What the task requires: Output the first line below and each one after it, exactly, up to and including the line holding "云开头像上传失败？深度分析原因与对策". Pictures should not be copied.

==*==

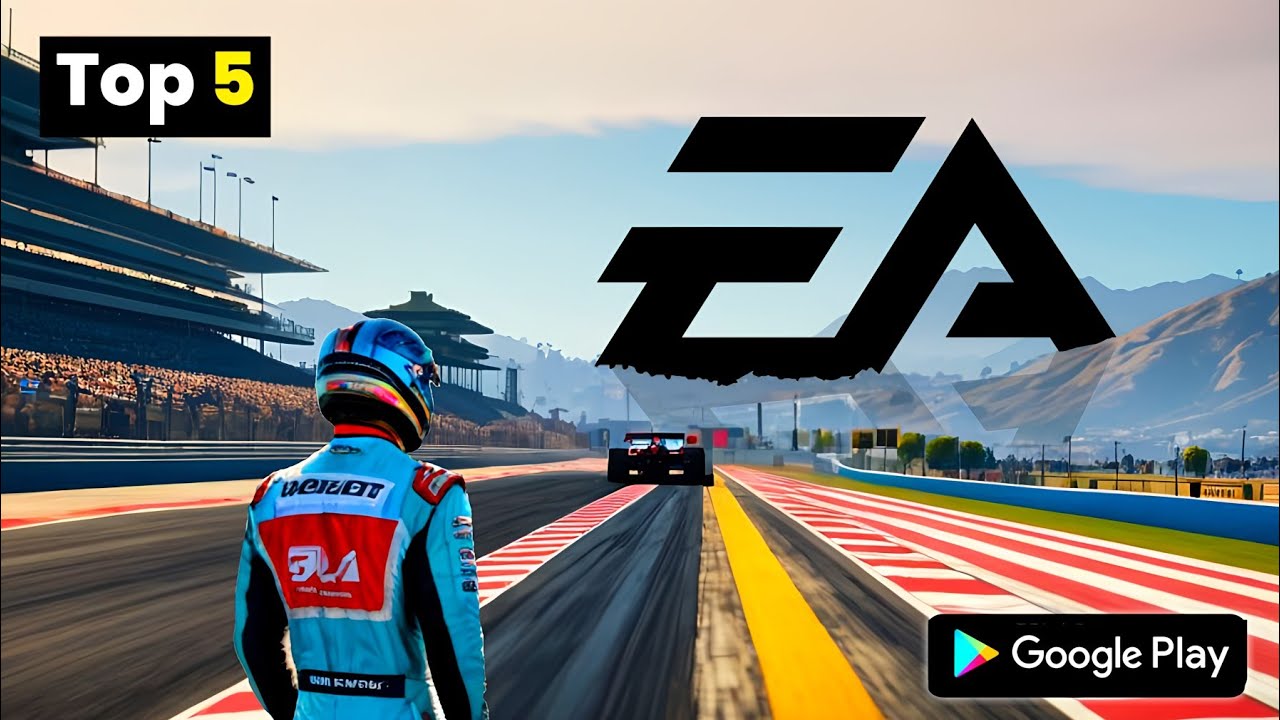 Top 5 Must-play EA Games for Android | Online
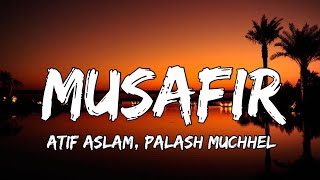 Musafir - Lyrics | Tera Mera Jahaan Le Chalu Main Wahaan| Atif Aslam, Palash Muchhal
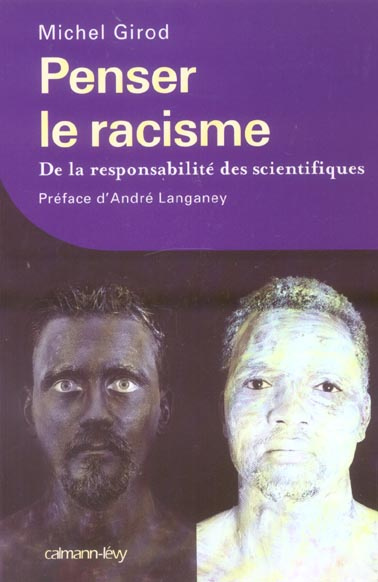 Penser le racisme. De la responsabilité des scientifiques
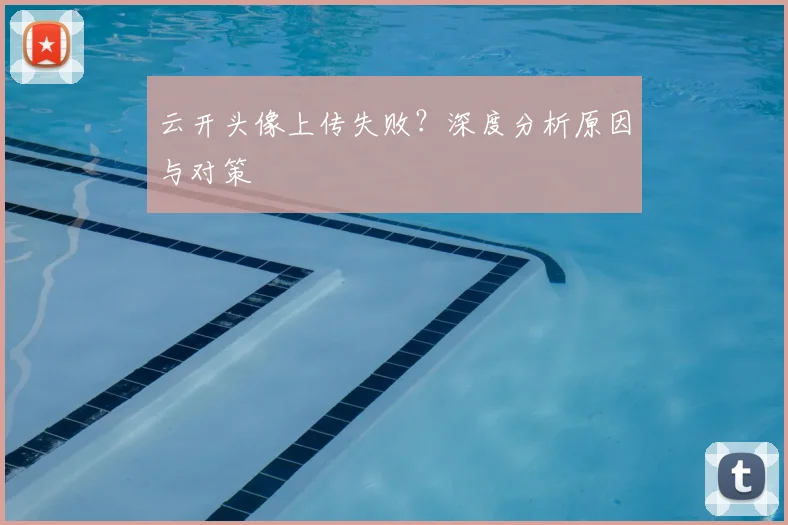 云开头像上传失败？深度分析原因与对策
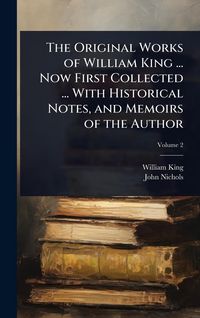 Produktbild: The Original Works of William King ... Now First Collected ... With Historical Notes, and Memoirs of the Author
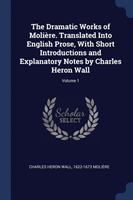 Dramatic Works of Moliï¿½re. Translated Into English Prose, with Short Introductions and Explanatory Notes by Charles Heron Wall; Volume 1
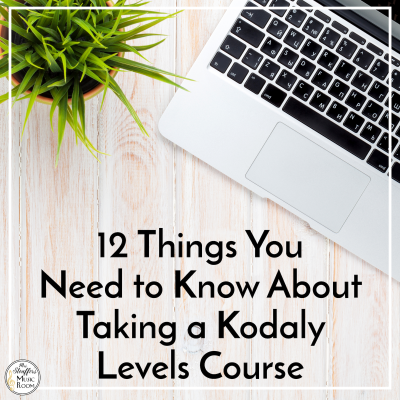 12 Things You Need to Know About Taking a Kodaly Levels Course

==*==

Your solution:
 Top 5 Must-play EA Games for Android | Online
 Musafir - Lyrics | Tera Mera Jahaan Le Chalu Main Wahaan| Atif Aslam, Palash Muchhal
 Penser le racisme. De la responsabilité des scientifiques
 云开头像上传失败？深度分析原因与对策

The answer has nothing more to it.